Using the data below, return word for word every line from the one holding "Skoro dvoukilové pečené" down to the one holding "Handelspand te Huur". Leave pictures out.

* [Extracted data]

● ● ●

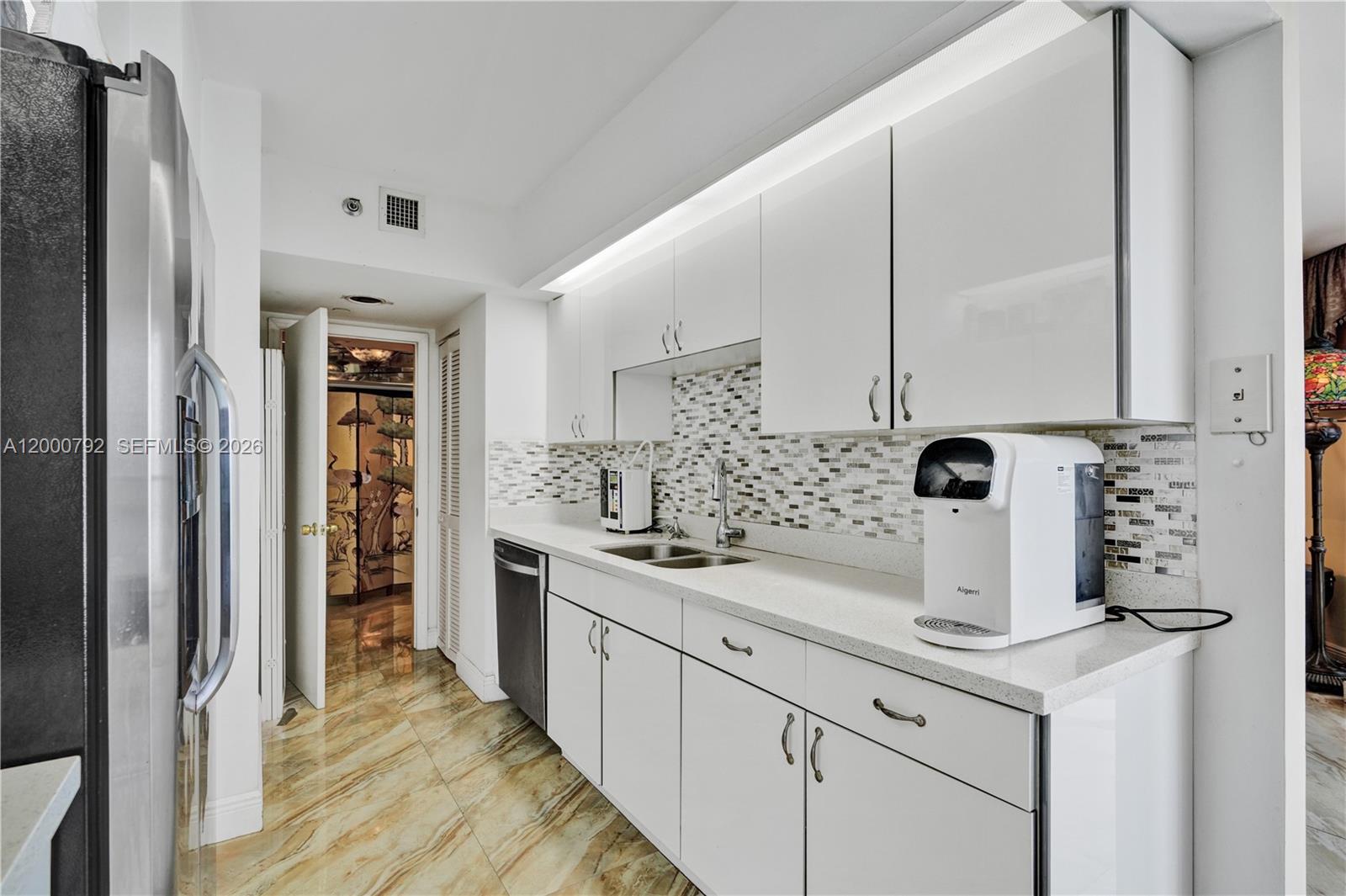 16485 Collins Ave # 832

● ● ●

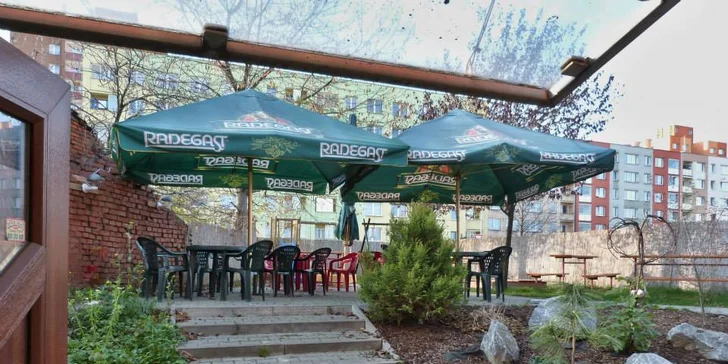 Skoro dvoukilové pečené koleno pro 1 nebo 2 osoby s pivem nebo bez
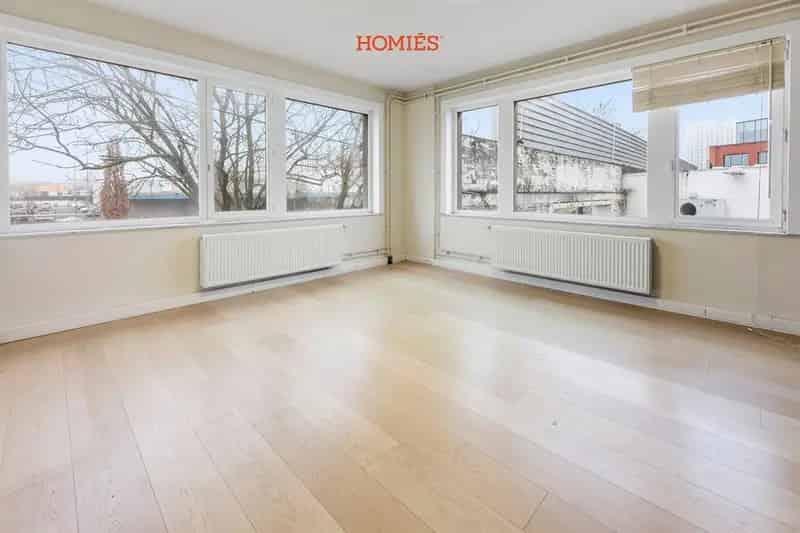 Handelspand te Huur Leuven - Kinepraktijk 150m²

● ● ●

* [Task response]
 Skoro dvoukilové pečené koleno pro 1 nebo 2 osoby s pivem nebo bez
 Handelspand te Huur Leuven - Kinepraktijk 150m²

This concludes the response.